ACTIVITY —
In the data below, find the line with "Heineken-Test und weitere Bie…" and the line with "Ferienwohnung CAMANABODA", then restate both and every line between them exactly, minus the pictures.

DATA FOR REVIEW —
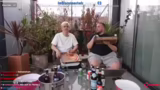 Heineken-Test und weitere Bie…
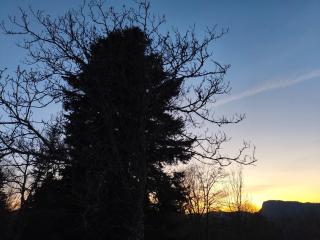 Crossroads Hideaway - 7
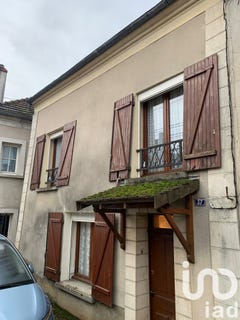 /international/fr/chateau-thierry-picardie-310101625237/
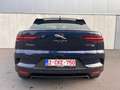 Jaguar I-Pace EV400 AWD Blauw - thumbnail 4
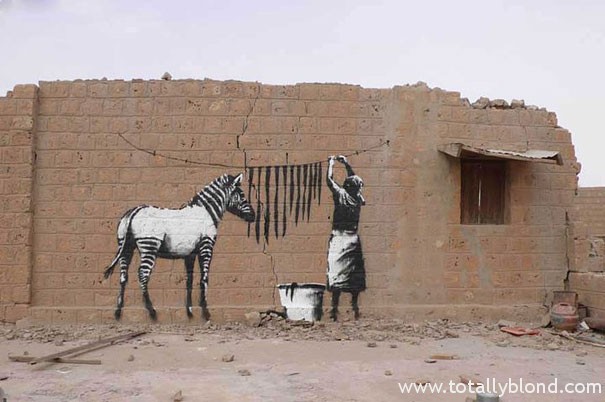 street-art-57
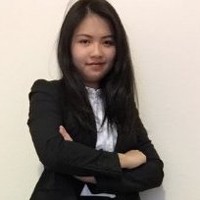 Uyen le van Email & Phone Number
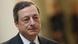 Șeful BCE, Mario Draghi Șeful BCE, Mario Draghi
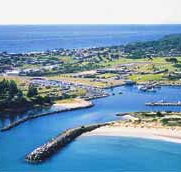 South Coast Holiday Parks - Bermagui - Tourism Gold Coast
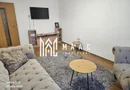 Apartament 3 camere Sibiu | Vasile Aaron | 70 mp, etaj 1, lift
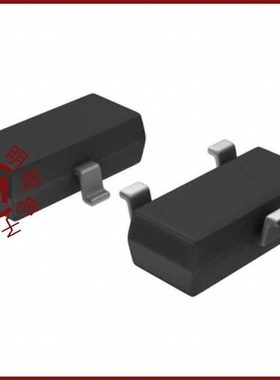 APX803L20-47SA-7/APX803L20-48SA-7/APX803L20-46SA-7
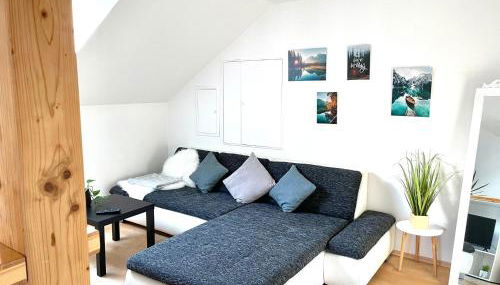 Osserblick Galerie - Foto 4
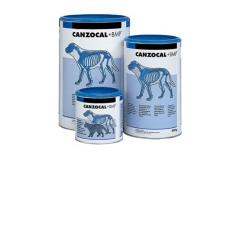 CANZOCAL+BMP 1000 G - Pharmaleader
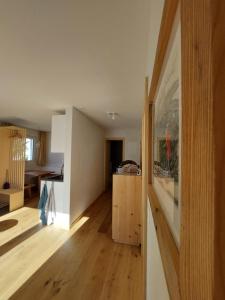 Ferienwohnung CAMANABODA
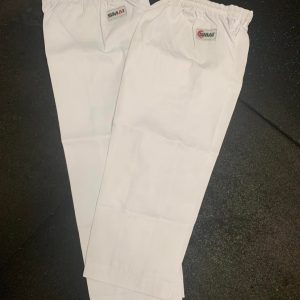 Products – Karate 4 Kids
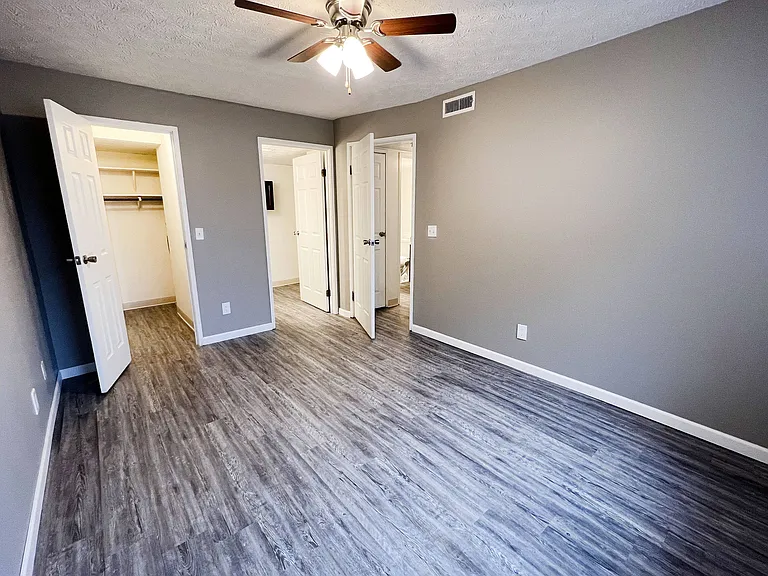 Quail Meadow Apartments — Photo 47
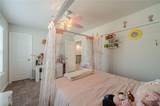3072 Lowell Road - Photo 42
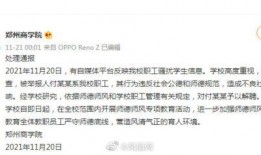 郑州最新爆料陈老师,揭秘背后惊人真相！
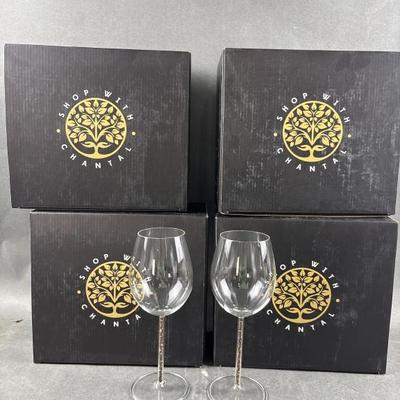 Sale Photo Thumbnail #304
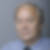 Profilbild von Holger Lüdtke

--

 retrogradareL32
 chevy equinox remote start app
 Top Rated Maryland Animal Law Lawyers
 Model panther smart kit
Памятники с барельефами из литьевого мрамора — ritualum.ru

EXPECTED ANSWER —
 Heineken-Test und weitere Bie…
 Crossroads Hideaway - 7
 /international/fr/chateau-thierry-picardie-310101625237/
 Jaguar I-Pace EV400 AWD Blauw - thumbnail 4
 street-art-57
 Uyen le van Email & Phone Number
 Șeful BCE, Mario Draghi Șeful BCE, Mario Draghi
 South Coast Holiday Parks - Bermagui - Tourism Gold Coast
 Apartament 3 camere Sibiu | Vasile Aaron | 70 mp, etaj 1, lift
 APX803L20-47SA-7/APX803L20-48SA-7/APX803L20-46SA-7
 Osserblick Galerie - Foto 4
 CANZOCAL+BMP 1000 G - Pharmaleader
 Ferienwohnung CAMANABODA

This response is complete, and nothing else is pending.